The 1951 National Roadster Show
Until recently the only photos we had seen of Joe’s ’36 Ford were taken at the 1951 National Roadster Show, the second annual Roadster show in Oakland California. In the 1951 Show booklet the owner of the car was mentioned to be Joseph Hocker. The Roadster Show was a local show for Joe, but it meant that his car would become world wide known. Perhaps not right then, when it was shown, but it sure has been in the last few decades.
This picture shows a hint of what is going on in the engine bay. It looks like Joe used plenty of chrome and polished parts to make the Mercury engine look at its best. The inset is the write up on Joe’s Ford in the 1951 National Roadster Show booklet.
The Dual Cowl 1936 Ford
In the late 1960’s or early 1970’s Harry Morse, of Castro Valley, California acquired the ‘36 Ford Phaeton Custom for a good price from a guy named Pete Paulsen. When Morse bought the car the car still had the original DuVall windshield and the Mercury engine and most likely all the other custom touches. (Pete Paulsen recently confirmed that the car he sold to Harry Morse was indeed the Joe Hocker Ford.)
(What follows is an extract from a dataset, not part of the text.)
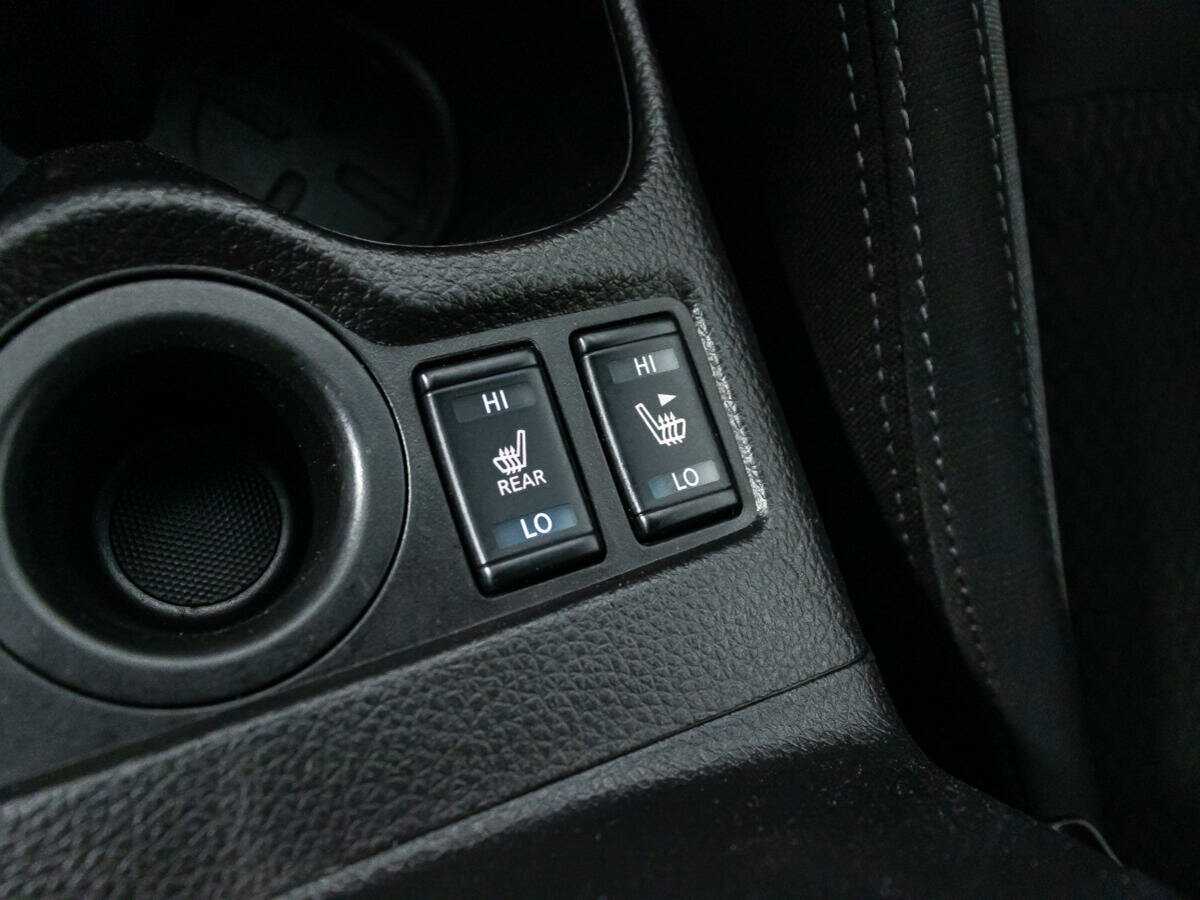 Nissan Qashqai б/у, 2019, Вариатор. Фото: #15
Morse replaced the Mercury engine with a bone stock unit and had the interior redone in leather. The DuVall windshield was not stock, but it inspired Harry to do something special and create a dual cowl ‘36 Ford based on a General Motors design for a ’34 Cadillac he had always been impressed with. The second windshield was created using the original brass unit as a base, and modified it to fit the hand made second cowl, created by Don Bridgman. Don used a cowl of a ‘35 Ford Roadster parts car to create the second cowl. The brass cast unit was polished and plated. Morse kept the smooth hood sides, and added body color grille sides, stock hood ornament as well as grille extension Fultron trim pieces on the front of the hood.
Custom &Rod Ideas opening spread. This bottom photo shows that the car has an fender mounted gas filler as well as ’39 Ford taillights. Both are most likely left from the original Joe Hocker version.
In the early 1990’s Harry Morse sells the Ford to Mike Aahl, also of of Castro Valley. Mike has made a few small changes to the car over the years, including adding new wheels and tires and adjusting the stance a little to get it a little lower, perhaps more to how Joe Hocker had it in the early 1950’s. Mike still enjoys the car and it pops up at local car shows from time to time.
Taken a few years ago, now owned by Mike Aahl of Castro Valley, who has owned it for 25 plus years now. Mike has made a few changes to the car, including a stance adjustment, new white wall tires and steel wheels with 48 Ford hubcaps and beauty rings.
A ’36 Ford similarly restyled as the Joe Hocker Ford is the Tommy The Greek ’36 Ford. Often these two cars are mixed up. Joe’s Ford has stock fenders with running boards, four doors and had Olds bumpers, while Tommy’s Ford has reshaped fenders, removed running boards, skirts and Pontiac bumpers.